Firings and discord put President-elect's transition team in a state of disarray
Both were part of what officials described as a purge orchestrated by Jared Kushner, Trump’s son-in-law and close adviser.
One week after Trump scored an upset victory that took him by surprise, his team was improvising the most basic traditions of assuming power. That included working without official State Department briefing materials in his first conversations with foreign leaders.
Two officials who had been handling national security for the transition, former Rep. Mike Rogers, R-Mich., and Matthew Freedman, a lobbyist who consults with corporations and foreign governments, were fired.
The dismissals followed the abrupt firing Friday of Gov. Chris Christie of New Jersey, who was replaced as chief of the transition by Vice President-elect Mike Pence. Kushner, a transition official said, was systematically dismissing people like Rogers who had ties with Christie. As a federal prosecutor, Christie had sent Kushner’s father to jail.
Prominent U.S. allies were in the meantime scrambling to figure out how and when to contact Trump. At times they have been patched through to him in his luxury office tower with little warning, according to a Western diplomat who spoke on the condition of anonymity to detail private conversations.
President Abdel-Fattah el-Sissi of Egypt was the first to reach Trump for such a call last Wednesday, followed by Prime Minister Benjamin Netanyahu of Israel not long afterward. But that was about 24 hours before Prime Minister Theresa May of Britain got through — a striking break from diplomatic practice given the close alliance between the United States and Britain.
Despite the haphazard nature of Trump’s early calls with world leaders, his advisers said the transition team was not suffering unusual setbacks. They argued that they were hard at work behind the scenes dealing with the same troubles that incoming presidents have faced for decades.
And Trump himself fired back at critics with a Twitter message he sent about 10 p.m.
“Very organized process taking place as I decide on Cabinet and many other positions,” he wrote. “I am the only one who knows who the finalists are!”
The process is “completely normal,” said Rudy Giuliani, the former New York mayor, who emerged Tuesday as the leading contender to be Trump’s secretary of state. “It happened in the Reagan transition. Clinton had delays in hiring people.”
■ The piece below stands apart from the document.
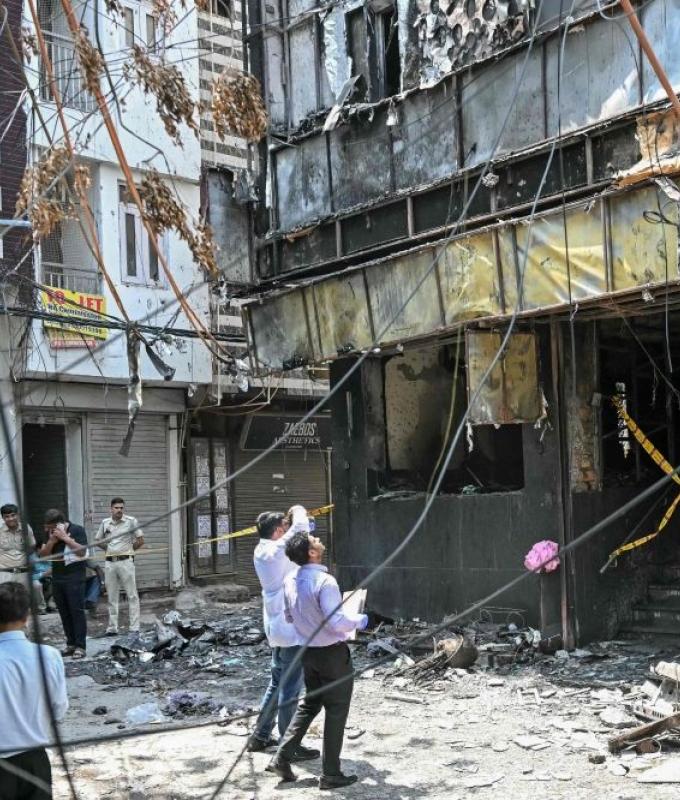Eighteen foreign nationals among 21 killed in Delhi hotel fire, witnesses describe people jumping to escape flames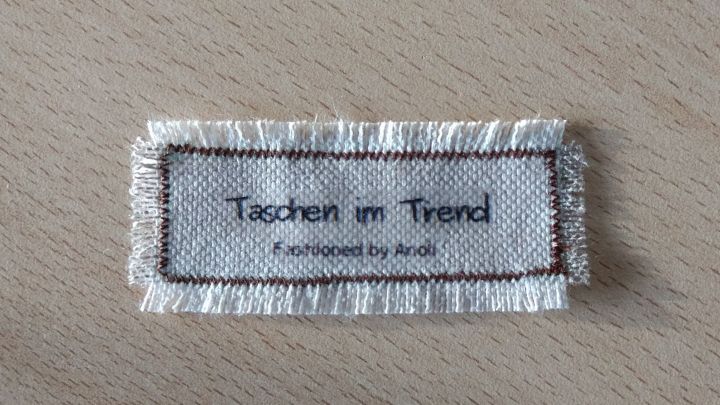 Ein ausgefranstes Stofflabel zeigt "Taschen im Trend" in stilvollem, minimalistischen Design auf hellem Hintergrund.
Giuliani, who made his comments in a telephone interview, added: “This is a hard thing to do. Transitions always have glitches. This is an enormously complex process.”
There were some reports within the transition of score-settling.
One member of the transition team said that at least one reason Rogers had fallen out of favor among Trump’s advisers was that as chairman of the House intelligence committee, he had overseen a report about the 2012 attacks on the U.S. diplomatic compound in Benghazi, Libya, which concluded that the Obama administration had not intentionally misled the public about the events there. That report echoed the findings of numerous other government investigations into the episode.
The report’s conclusions were at odds with the campaign position of Trump, who repeatedly blamed Hillary Clinton, his Democratic opponent and the secretary of state during the attacks, for the resulting deaths of four Americans.